What needs to be done
Exactly reproduce the lines from the one holding "Schäfer Schaf Schafe" through the final line of the listing below, with both ends included and nothing else.

-- Raw data follows --

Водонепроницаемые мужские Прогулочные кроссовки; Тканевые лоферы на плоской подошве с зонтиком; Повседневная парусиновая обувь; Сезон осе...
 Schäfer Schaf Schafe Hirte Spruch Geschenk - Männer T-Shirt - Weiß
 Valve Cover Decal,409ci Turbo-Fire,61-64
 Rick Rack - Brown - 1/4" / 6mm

-- Raw data concluded --

Result
 Schäfer Schaf Schafe Hirte Spruch Geschenk - Männer T-Shirt - Weiß
 Valve Cover Decal,409ci Turbo-Fire,61-64
 Rick Rack - Brown - 1/4" / 6mm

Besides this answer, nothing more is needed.